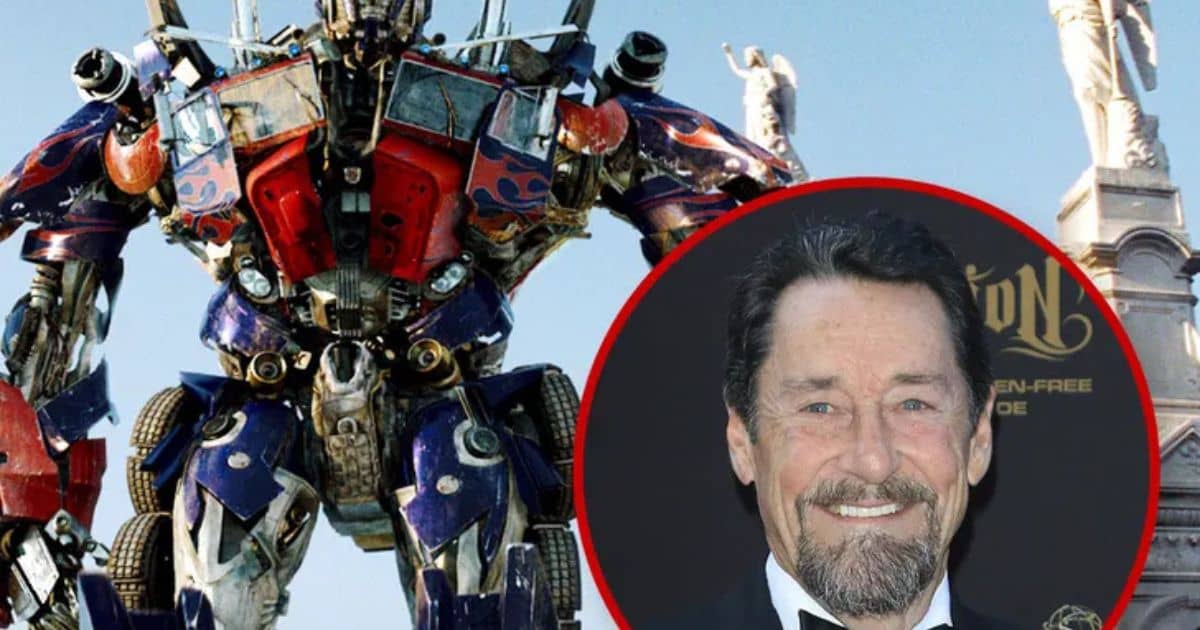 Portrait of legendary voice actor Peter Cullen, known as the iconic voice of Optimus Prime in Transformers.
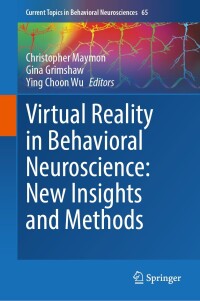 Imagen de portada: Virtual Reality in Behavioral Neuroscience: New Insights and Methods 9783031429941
* * *
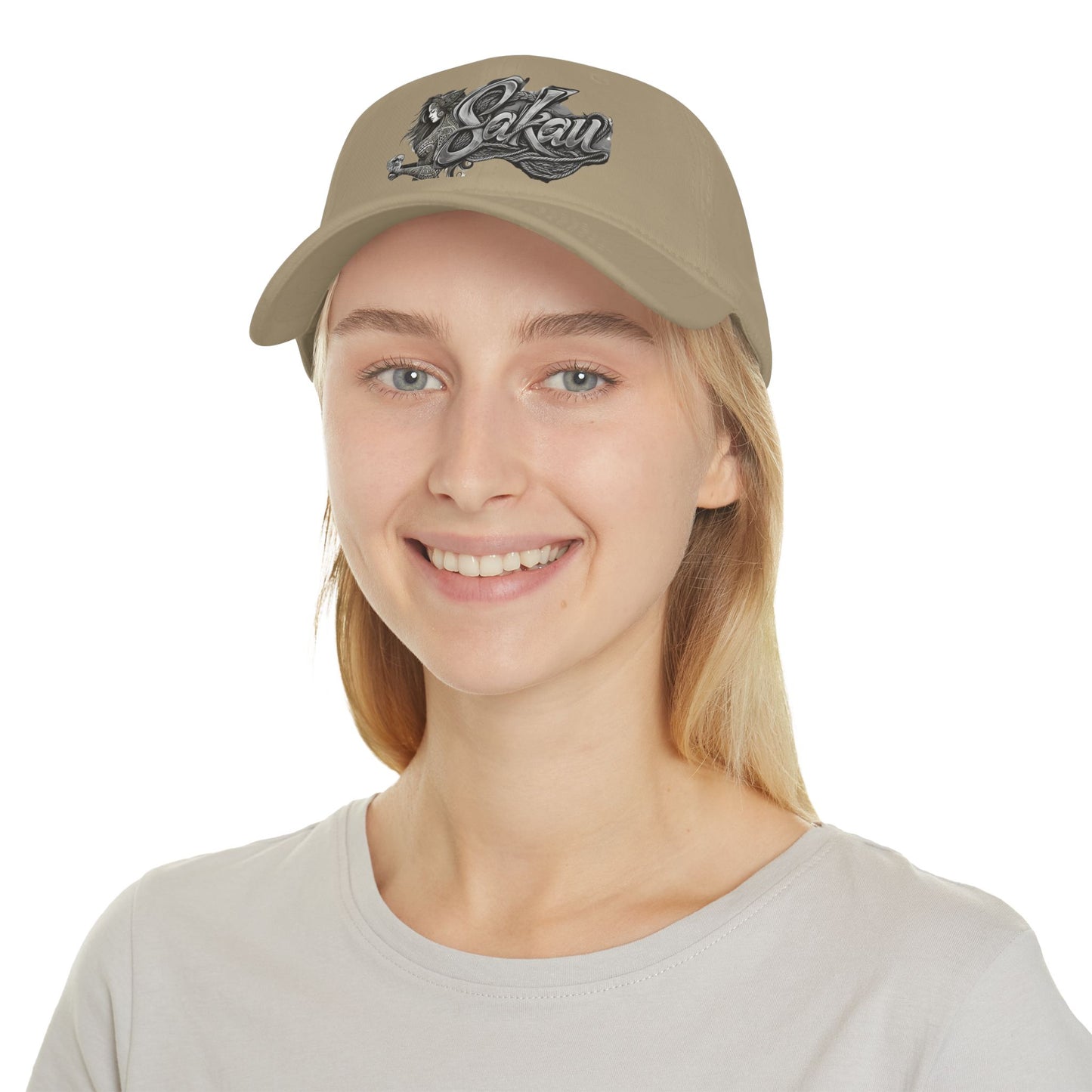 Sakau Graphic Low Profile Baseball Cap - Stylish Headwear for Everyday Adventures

TO DO: Your output should be the lines above from the one that contains "Portrait of legendary" through the one that contains "Imagen de portada: Virtual", word for word, with pictures left out.

SOLUTION TO THIS EXERCISE:
 Portrait of legendary voice actor Peter Cullen, known as the iconic voice of Optimus Prime in Transformers.
 Imagen de portada: Virtual Reality in Behavioral Neuroscience: New Insights and Methods 9783031429941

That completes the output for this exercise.